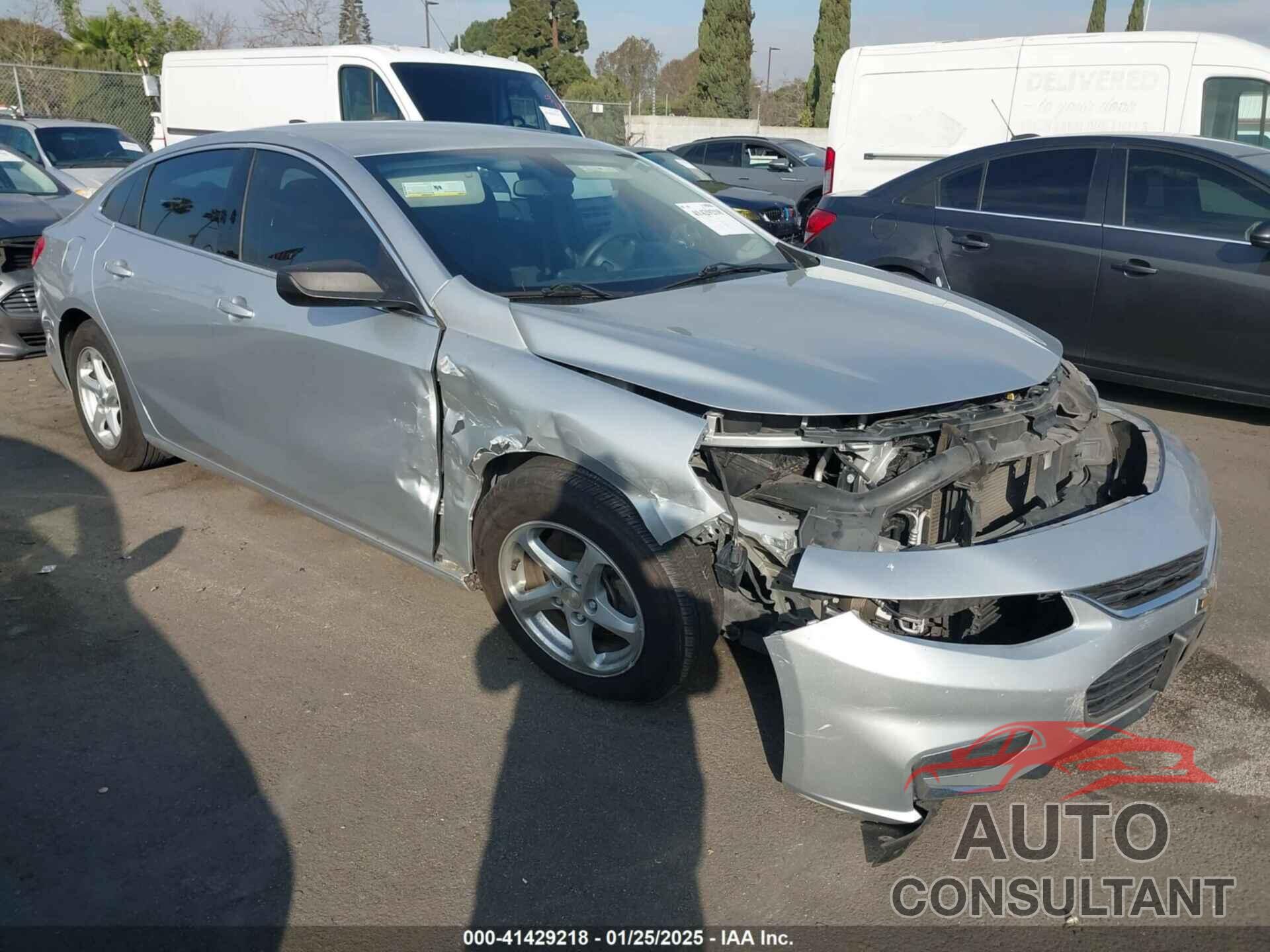 CHEVROLET MALIBU 2017 - 1G1ZB5ST8HF244826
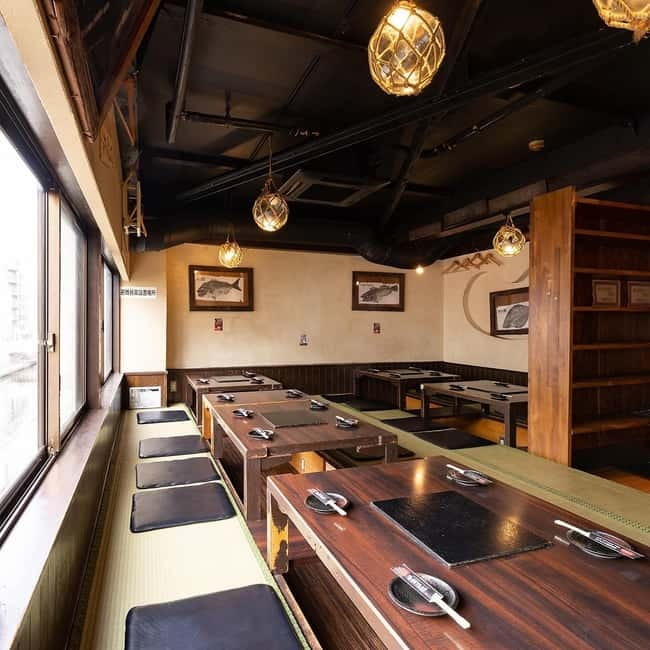 Osaka Dotonbori: Hand Roll Sushi Experience - A calm sushi lesson above Dotonbori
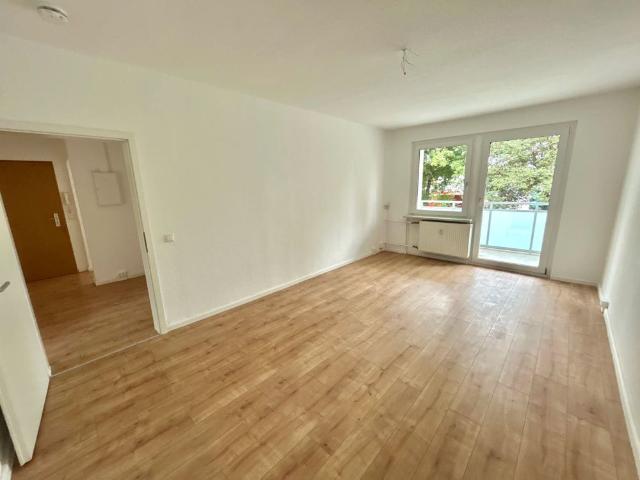 Wunderschöne 4 Raumwohnung in Top Lage mit Einbauküche und Balkon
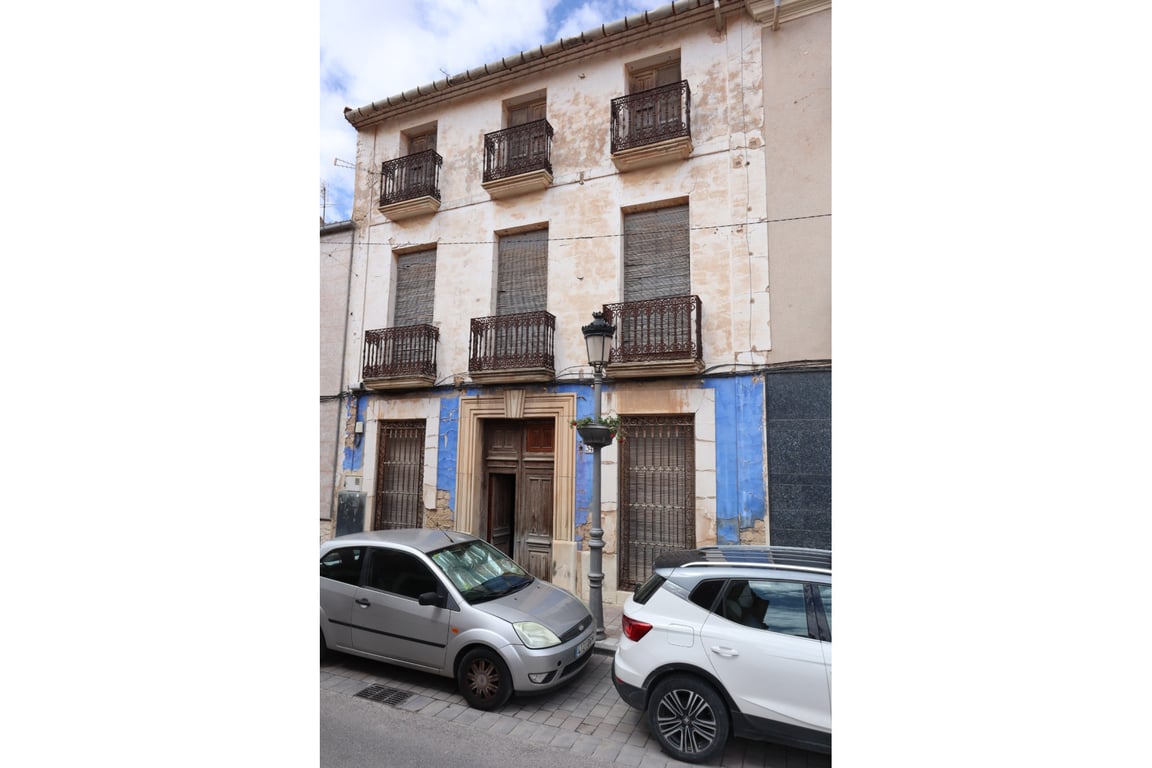 Apartment in Pinoso - Image 2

◆ Description of the task: All that's required is the material above repeated exactly, minus any picture.

◆ Problem solution:
 CHEVROLET MALIBU 2017 - 1G1ZB5ST8HF244826
 Osaka Dotonbori: Hand Roll Sushi Experience - A calm sushi lesson above Dotonbori
 Wunderschöne 4 Raumwohnung in Top Lage mit Einbauküche und Balkon
 Apartment in Pinoso - Image 2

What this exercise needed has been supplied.